In the rapidly evolving landscape of artificial intelligence, a significant development has emerged in the realm of video generation. A number of AI companies, including giants like Stability AI and Pika Labs, have made notable strides in this field over the past few months. These firms have introduced models capable of creating various types of videos using text and image prompts. Building on these advancements, Microsoft AI has recently introduced a groundbreaking model designed to offer more nuanced control over video production.

The newly introduced model, named DragNUWA, enhances the existing methodologies of text and image-based prompting with a trajectory-based generation technique. This innovation allows users to precisely manipulate objects or even entire video frames along specified trajectories. This feature facilitates the creation of videos that are highly controllable in terms of semantic, spatial, and temporal aspects, all while maintaining a high standard of quality.

To foster community engagement and development, Microsoft has made the model weights and a demo of DragNUWA publicly available as an open-source project. It’s important to recognize that DragNUWA is still in the research phase and has not yet reached perfection.

What distinguishes Microsoft’s DragNUWA in the competitive field of AI-driven video generation? Traditionally, video generation powered by AI has relied on inputs based on text, images, or trajectories. While these approaches have shown promise, they often fall short in providing detailed control over the resulting video.

The integration of text and images alone, for example, tends to miss the intricate motion details inherent in videos. On the other hand, combining images and trajectories may not fully capture the nuances of future objects and trajectories. Language inputs can lead to ambiguity, especially when dealing with abstract concepts. A case in point would be the inability to differentiate between an actual fish and a painting of a fish.

To address these limitations, Microsoft’s AI team introduced DragNUWA in August 2023. This open-domain, diffusion-based video generation model unifies images, text, and trajectory inputs. This amalgamation enables users to achieve precise control over the video generation process, encompassing semantic, spatial, and temporal elements. Users can explicitly define the desired text, image, and trajectory in their inputs to control various aspects of the video, such as camera movements (including zooming in or out) and the motion of objects.

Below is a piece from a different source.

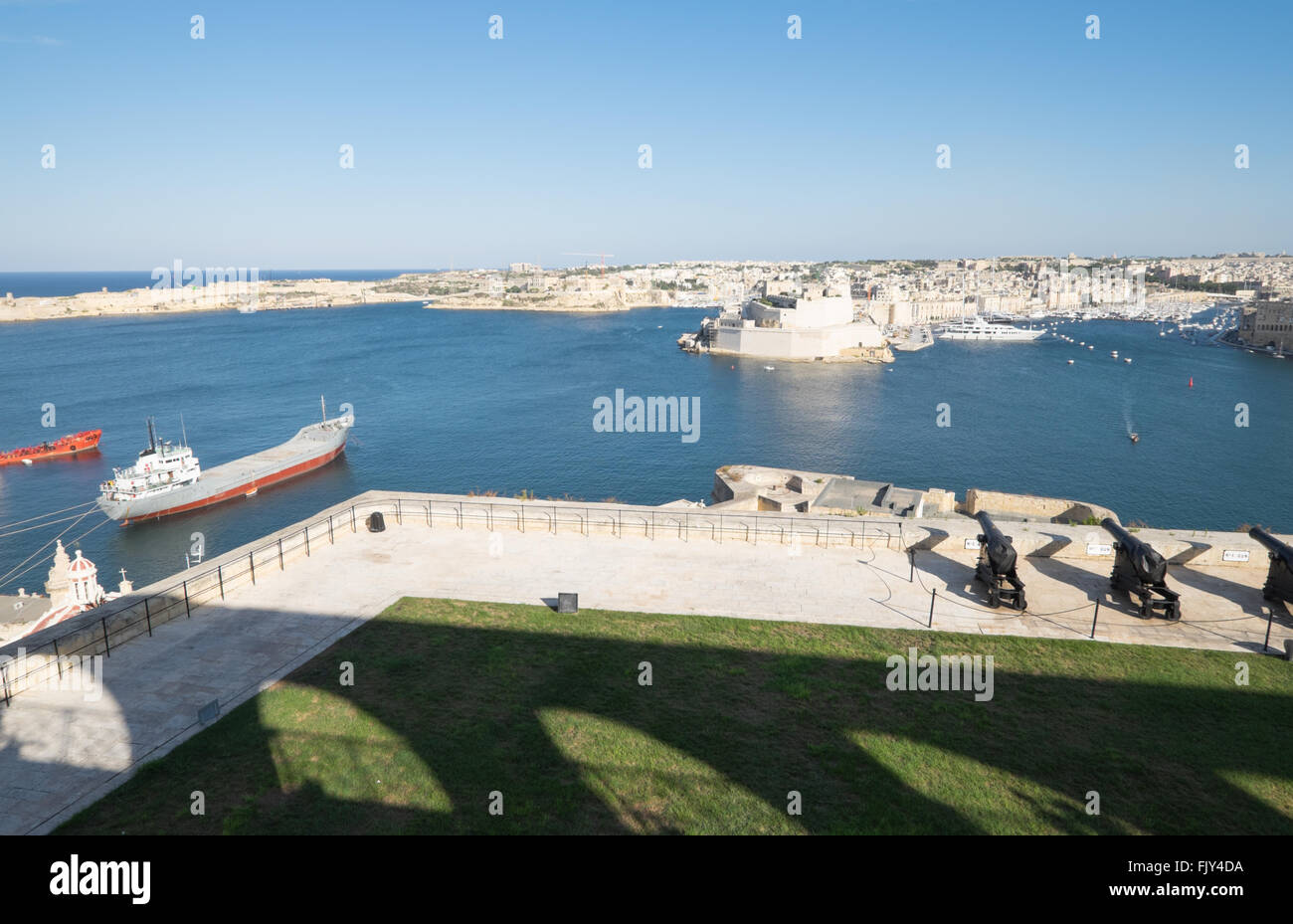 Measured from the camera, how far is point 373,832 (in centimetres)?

For instance, a user could upload an image of a boat on a lake, add a text prompt like “a boat sailing in the lake,” and specify the boat’s trajectory. The result would be a video depicting the boat moving in the indicated direction, closely aligning with the user’s vision. The trajectory input adds motion detail, language input helps predict future objects, and the image input distinguishes between different objects.

Microsoft’s early 1.5 version of DragNUWA, now available on Hugging Face, incorporates Stability AI’s Stable Video Diffusion model. This feature allows users to animate an image or its elements according to a specific path. When fully developed, this technology could significantly simplify the processes of video generation and editing. Users could potentially transform backgrounds, animate static images, and direct motion paths with simple gestures like drawing a line.

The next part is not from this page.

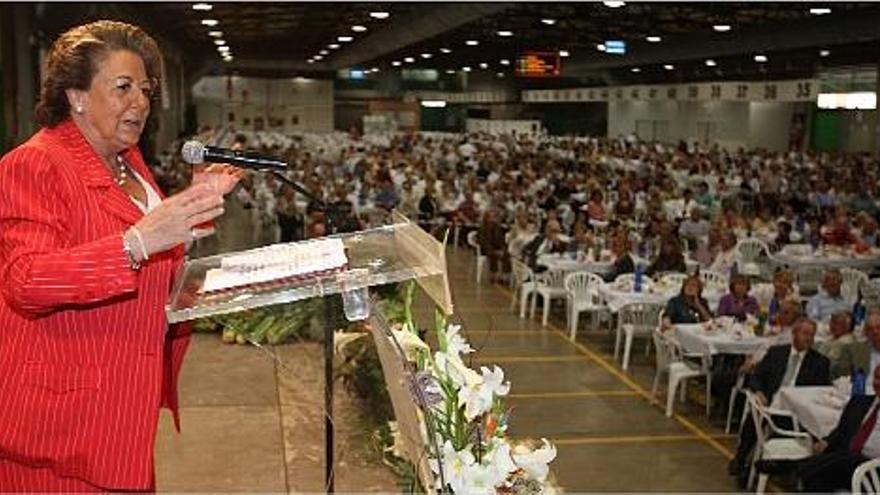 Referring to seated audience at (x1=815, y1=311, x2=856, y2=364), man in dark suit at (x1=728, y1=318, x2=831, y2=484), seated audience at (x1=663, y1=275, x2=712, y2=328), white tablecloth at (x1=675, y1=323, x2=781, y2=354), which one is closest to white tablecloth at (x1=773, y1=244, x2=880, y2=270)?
seated audience at (x1=663, y1=275, x2=712, y2=328)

The AI community has expressed considerable excitement about this development, viewing it as a significant leap in the field of creative AI. However, the true test for DragNUWA will be its performance in real-world applications. In its preliminary tests, Microsoft reported that the model was capable of accurately executing camera movements and object motions with various drag trajectories.

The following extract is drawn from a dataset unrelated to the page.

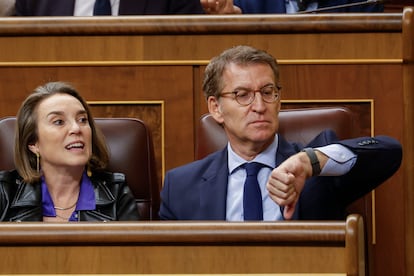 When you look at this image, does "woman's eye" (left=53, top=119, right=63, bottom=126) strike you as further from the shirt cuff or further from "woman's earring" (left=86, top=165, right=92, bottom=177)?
the shirt cuff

Microsoft’s researchers highlight several key capabilities of DragNUWA. Firstly, the model supports complex curved trajectories, enabling the generation of objects moving along specific, intricate paths. Secondly, it allows for variable trajectory lengths, with longer trajectories producing more substantial motion. Lastly, DragNUWA can control the trajectories of multiple objects simultaneously. To the best of Microsoft’s knowledge, no existing video generation model offers such a degree of trajectory controllability, marking DragNUWA as a significant potential contributor to the advancement of controllable video generation in future applications.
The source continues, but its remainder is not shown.